The main reasons why Bitcoin is currently stronger than Ethereum:


As of now, Bitcoin's price is around $79,800–$80,800 (having briefly broken above $80k), while Ethereum is approximately $2,350–$2,380. BTC dominance remains high at 60–61%, ETH dominance is about 10.7–10.8%, and the BTC/ETH ratio is at a relatively high level, indicating Bitcoin's relative strength and that funds are more inclined toward BTC.
1. Differences in institutional capital and ETF inflows (the core driver)
Bitcoin ETFs continue to attract massive capital (over $2 billion in net inflows in April 2026 alone, with recent strong net inflows). Institutions view BTC as "digital gold" and a macro hedge tool, especially under geopolitical uncertainties (such as Middle East tensions), where BTC's safe-haven properties are stronger.
Ethereum ETFs, although showing signs of recovery (some weekly inflows of hundreds of millions of dollars at times), still have overall YTD net outflows or are far weaker than BTC. Capital rotation has not yet formed a sustained trend, and ETH ETF attractiveness remains behind.
2. Bitcoin's "simple scarcity" narrative better fits the current market
BTC is regarded as a pure store of value asset with a fixed supply (after halving cycles), no complex roadmap, and low execution risk. Institutions and conservative capital prefer it in uncertain environments.
Ethereum is a "utility asset," relying on DeFi, Layer2, stablecoins, and upgrades (such as Pectra/Glamsterdam). Although its ecosystem is active, in the current macro environment, investors favor "simple + scarce" over "complex + growth potential." BTC's narrative is more easily accepted by traditional finance.
3. Macro environment and risk appetite
The market is currently in a mild rebound + cautious optimism phase. Bitcoin, as a leading indicator, more readily absorbs macro positives (such as potential easing policies and regulatory clarity).
While Ethereum offers staking yields (about 2.8–4% APY) and a deflationary mechanism, its high Beta nature makes it relatively weak during risk-averse periods. Funds tend to flow back into BTC first, then consider rotation into ETH.
4. Divergence in network and ecosystem performance
BTC: ETF + institutional accumulation (e.g., MicroStrategy/Strategy continuously buying) provides strong support, with high on-chain activity and holder confidence.

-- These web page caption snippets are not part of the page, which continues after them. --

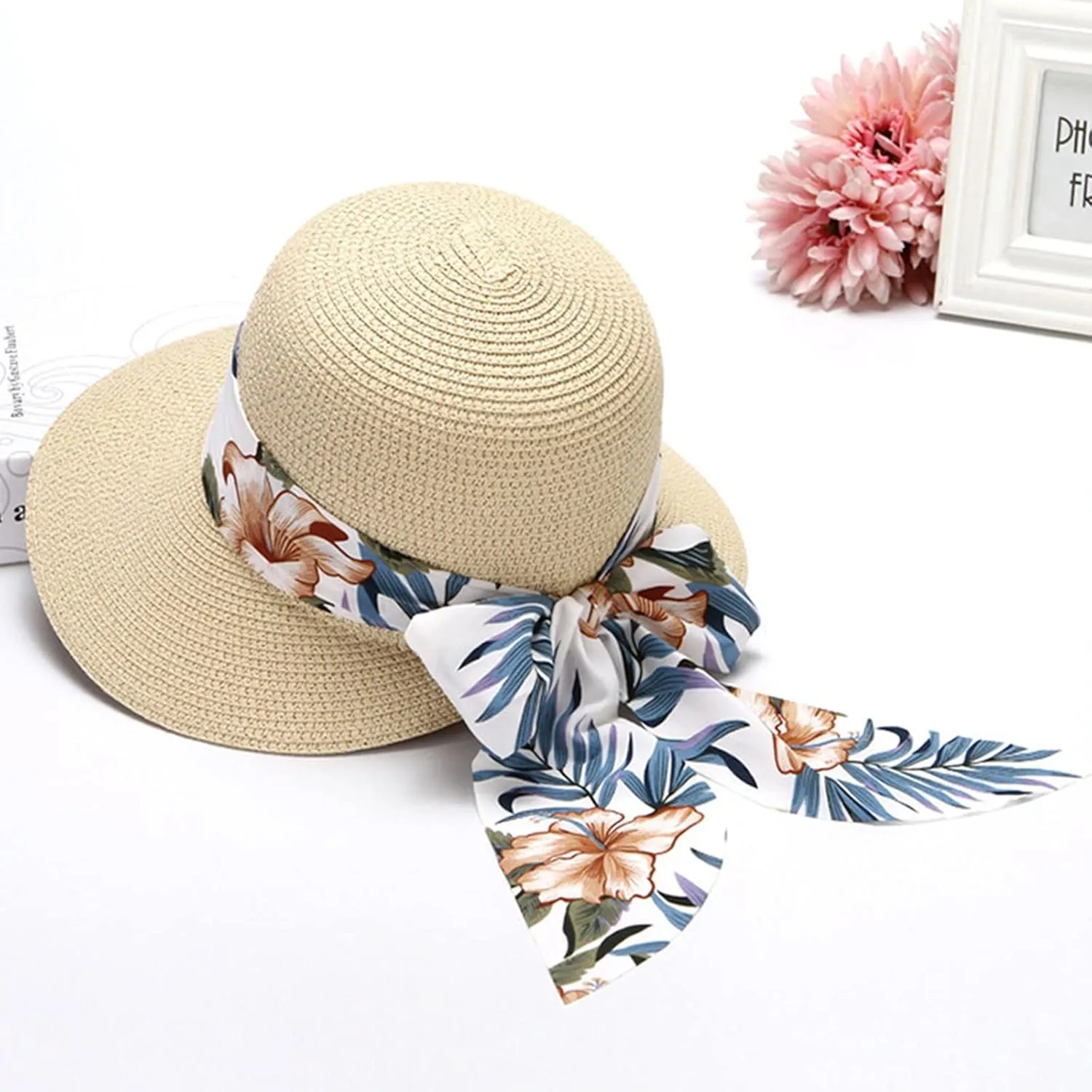 Summer Bucket Hats for Women Wide Bongrace Beach Sun Hat Straw Hat Sunscreen Sunshade Fisherman's Hat with Bow Tie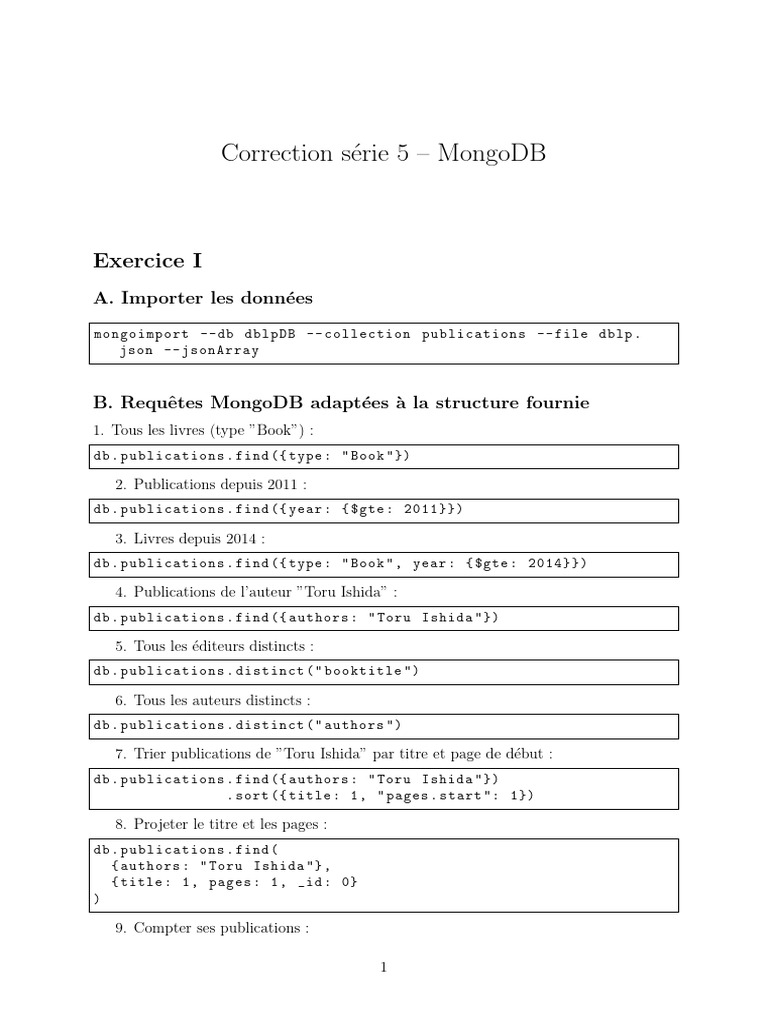 14-Corrige TP5 Mongodb | PDF | Échecs | Théorie (échecs)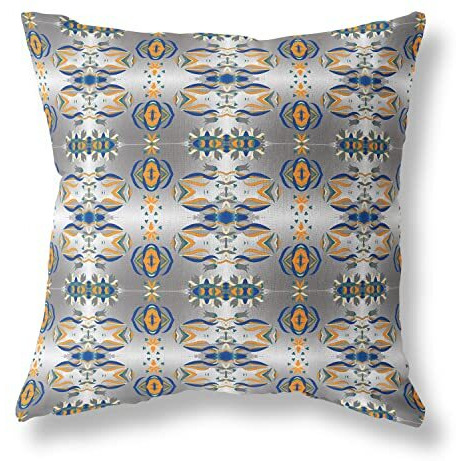 Amrita Sen Flowers of Strength Suede Zippered Pillow w Insert in Gray and Orange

ETH: Despite network upgrades and DeFi revival, recent news of large foundation sell-offs (such as selling 10,000 ETH on May 1) has created short-term selling pressure. Meanwhile, ETH's growth depends on execution and implementation, with current catalysts weaker than the funding environment supporting BTC.
5. Historical cycles and capital rotation patterns
When Bitcoin dominance rises above 60%, it often signals a "BTC season," with altcoins (including ETH) underperforming. The current high dominance indicates the market is still in a Bitcoin-led rally, and the altcoin rotation signal has not yet fully confirmed (the ETH/BTC ratio needs to continue breaking key resistance levels to reverse).
Summary:
The core reason Bitcoin is currently stronger than Ethereum is the combination of institutional preference + ETF capital advantage + the perfect match of simple safe-haven narratives with the current macro and market sentiment. Ethereum's fundamentals are not poor, but its "growth story" struggles to perform when risk appetite has not fully recovered. In the short term (next few weeks), BTC's strong pattern is likely to continue, while medium to long term depends on ETH upgrades, staking ETF progress, and the strength of capital rotation.